MFK involved a marketed tax scheme where the promoter had written an innocuous letter to HMRC asking them to confirm that the indexing element on indexed linked bonds was not taxable as income. They had not said that the reason they were asking is because they were trying to develop a tax avoidance scheme.

Sales J pointed out that in Mr Malde’s case “Mr Malde’s approach to the defendant was not in writing, involved only a telephone conversation of about six or seven minutes duration (with no prior notice to Mr Baker even of the broad nature of problem on which his view was to be sought) and did not involve full disclosure of the transaction and the perceived problem which Mr Malde wished to have addressed. In all these circumstances Mr Malde could not reasonably have thought that Mr Baker had given Corktech a fully considered and binding ruling in its favour”.

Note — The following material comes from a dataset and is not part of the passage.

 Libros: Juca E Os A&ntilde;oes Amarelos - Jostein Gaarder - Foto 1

Unfortunately he did not say what he believed that Mr Malde could “reasonably have thought”. HMRC are just fobbing me off with the first thing that comes into their head to get rid of me? When HMRC tell me to phone for help they are trying to trap me and have no intention of helping me at all? If HMRC need further information to deal with my problem they will tell me, not simply make a guess based on what I tell them?

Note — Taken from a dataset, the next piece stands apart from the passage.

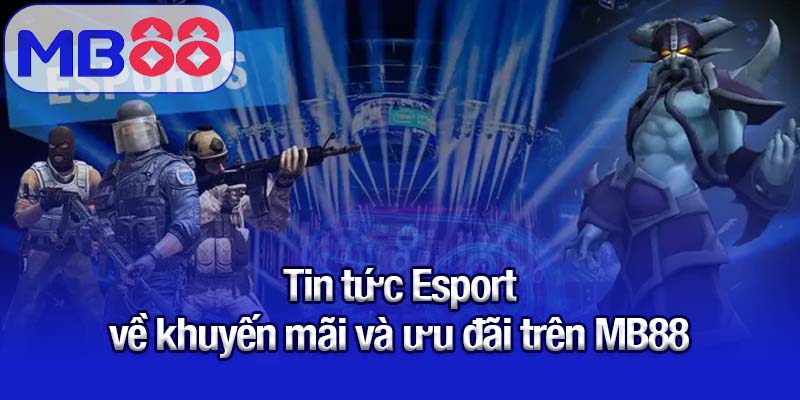 Tin tức Esport về khuyến mãi và ưu đãi trên MB88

Mr Malde seems to me to have acted wholly reasonably in following HMRC’s instructions to phone them. I do not myself think that he could have been expected to be aware of the MFK Underwriting decision (a direct tax case not a VAT one) and the HMRC notice did not say that if he wants to rely on advice from HMRC he should ignore their instruction to call them and send them a detailed letter instead. Indeed I think that Mr Malde could have reasonably expected Mr Baker to have told him that if Mr Malde wished to rely on what he was telling him, he would have to write to HMRC in addition to speaking to Mr Baker.

Personally, I would have thought that a businessman phoning HMRC for help – at the suggestion of HMRC – on a commercial issue ought to be entitled to “reasonably have thought” that HMRC would help him and that, if in order to do so they needed more information, they would tell him what extra information they need. I would have thought it wholly unreasonable for him to have thought, “When HMRC tell me they will help me they are only going to let me speak to someone who has no ability to help me but has been trained to politely refer me back to their booklet”. Indeed if I had been Mr Malde and Mr Baker had simply told me to look again at the booklet, I suspect that I would have found it somewhat difficult not to have been fairly rude and very sarcastic when Mr Baker conveyed that message to me. Mr Baker must have been unbelievably thick-skinned not to have reflected that in his note.

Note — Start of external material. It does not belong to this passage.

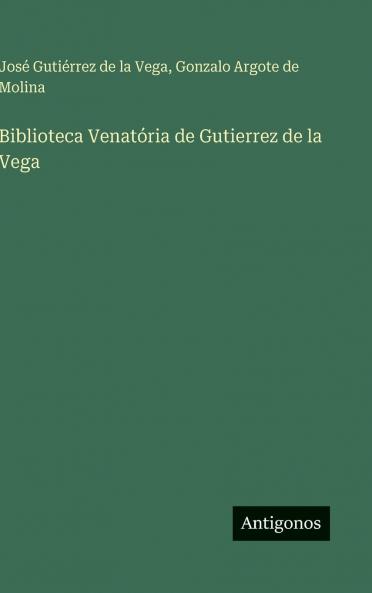 Biblioteca Venatória de Gutierrez de la Vega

Of course VAT specialists know that it is possible to contact NAS in writing even though HMRC do not advertise this fact to taxpayers such as Mr Malde. They also know that many years ago the then Minister, Mr Sheldon, told Parliament “if an [HMRC] Officer, with the full facts before him, has given a clear and unequivocal ruling on VAT in writing” HMRC will not seek to collect the tax that is due if that ruling turns out to be incorrect. At that time HMRC’s normal method of communication was by letter. It seems to me a bit unreasonable that in current conditions, where they urge people to deal with them by telephone, they should turn round and say that the taxpayer cannot rely on what they tell him on the telephone. But obviously my perception of reasonableness is very different to that of Mr Justice Sales.